Kölsch, Kompjuter & Kicken - darum geht's - unter anderem - in diesem Blog. Statt buntem Schnickschnack gibt's Information und Meinung - nämlich meine. Muss nicht immer gefallen.

Twitter and 2-Factor-Authorization - who's to blame?


When I'm talking about 2FA here, I'm talking about an app-based 2FA, such as Google Authenticator, Microsoft Authenticator, Authy or similar. I am not referring to SMS-Token *sic* or Yubikeys.

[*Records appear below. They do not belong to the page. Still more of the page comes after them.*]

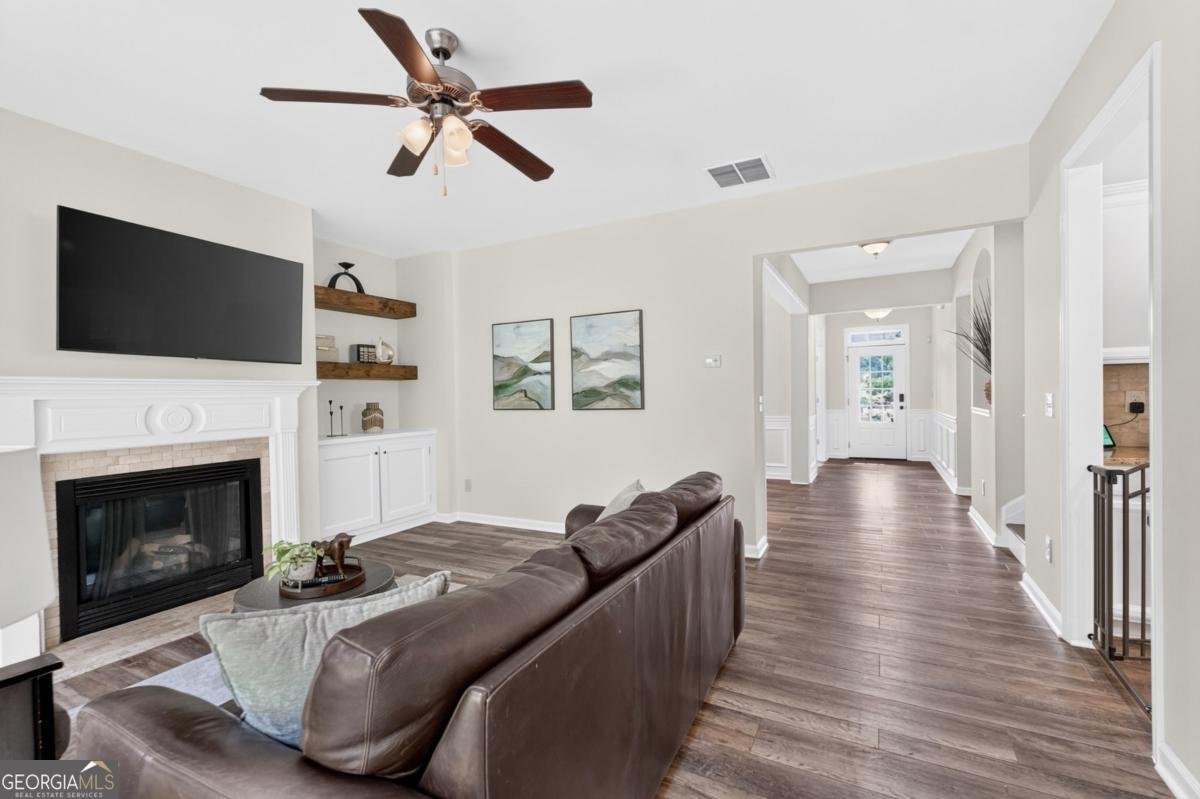 6095 Overleaf Terrace Cumming - Photo 10
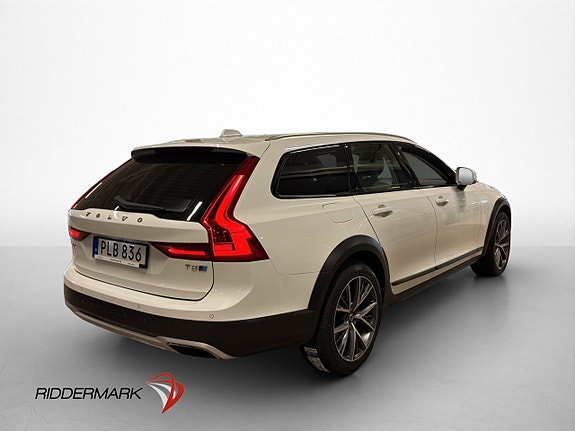Volvo V90 Cross Country 5 of 30
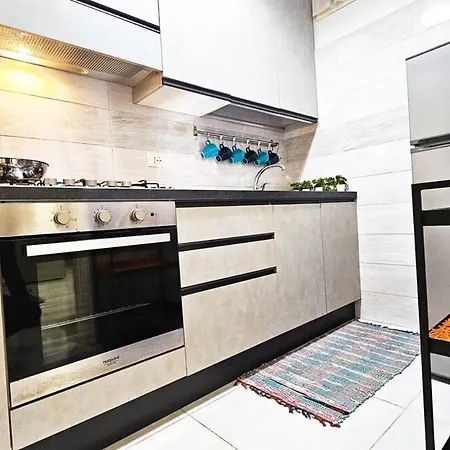 Liam House * Otranto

I guess most of you guys have heard about German politicians and celebrities being doxed starting December 2018. It seemed that the attack-vector for the hacker were private accounts, not properly secured (i.e. missing 2FA, weak passwords etc.). It was even claimed by people that 2FA in Twitter had a flaw which, in my humble opinion, is, well, bullshit. Twitter can do better in terms of security, however, I see things a bit different and wouldn't call it a security flaw.

What you need to know:

Twitter can remove 2FA-security from your account if you ask them to do so and prove that you are the legitimate account holder. Well, it's not really a big hurdle to "proof" that you are the legitimate account-holder as long as you have access to the email-account linked to the Twitter-account. However, you still need the password for Twitter: No password, no Twitter - nothing, nada, niente.

How come I know about the procedure? Long story short, I had to get my 2FA security removed from Twitter to get back access to one of my Twitter accounts.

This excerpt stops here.